Ben Wizner, the ACLU attorney who argued the Jeppesen case so far successfully, calls it "historic," and I think he is right. At the same time, as he points out it's not an end to anything. At most, it's the beginning -- the beginning of the civil lawsuit brought against Jeppesen by five men who were subjected to the "extraordinary rendition" and then tortured by foreign countries and Americans in Afghanistan. Jeppesen Dataplan allegedly helped to arrange the flights that transported these men to their torture countries.
A bottom-line read of the decision: the government can assert the privilege for any piece of evidence in any case. It just can't assert the privilege as an immunity doctrine -- or a justiciability doctrine -- as a way to end the case before it begins. (There are some obvious exceptions that the case today doesn't touch -- like if a spy were to sue the CIA for non-payment. Can't do that.)

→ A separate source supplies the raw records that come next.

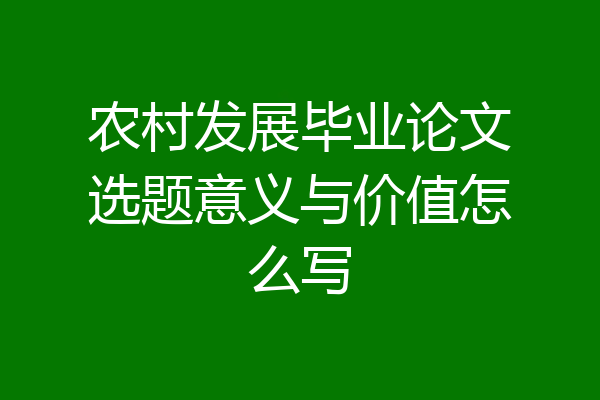 农村发展毕业论文选题意义与价值怎么写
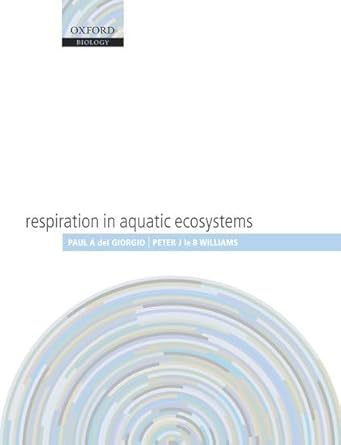 respiration in aquatic ecosystems 1st edition paul a del giorgio ,peter j le b williams 0198527098,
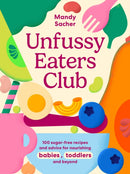 Unfussy Eaters Club : 100 sugar-free recipes and advice for nourishing babies, toddlers and beyond-9781761501210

But it ensures that the SSP is mostly and primarily an evidentiary privilege -- that's what civil libertarians have long wanted to hear from a court -- and that's what the State Secrets Protection Act in Congress (the formerly bipartisan Specter-Leahy SSPA) would turn into law.
"The question here is not whether there are secrets associated with this case, but whether you can determine before the case has begun whether they are absolutely indispensable for the plaintiff to the prove the case or for the defense to defend it," Wizner said.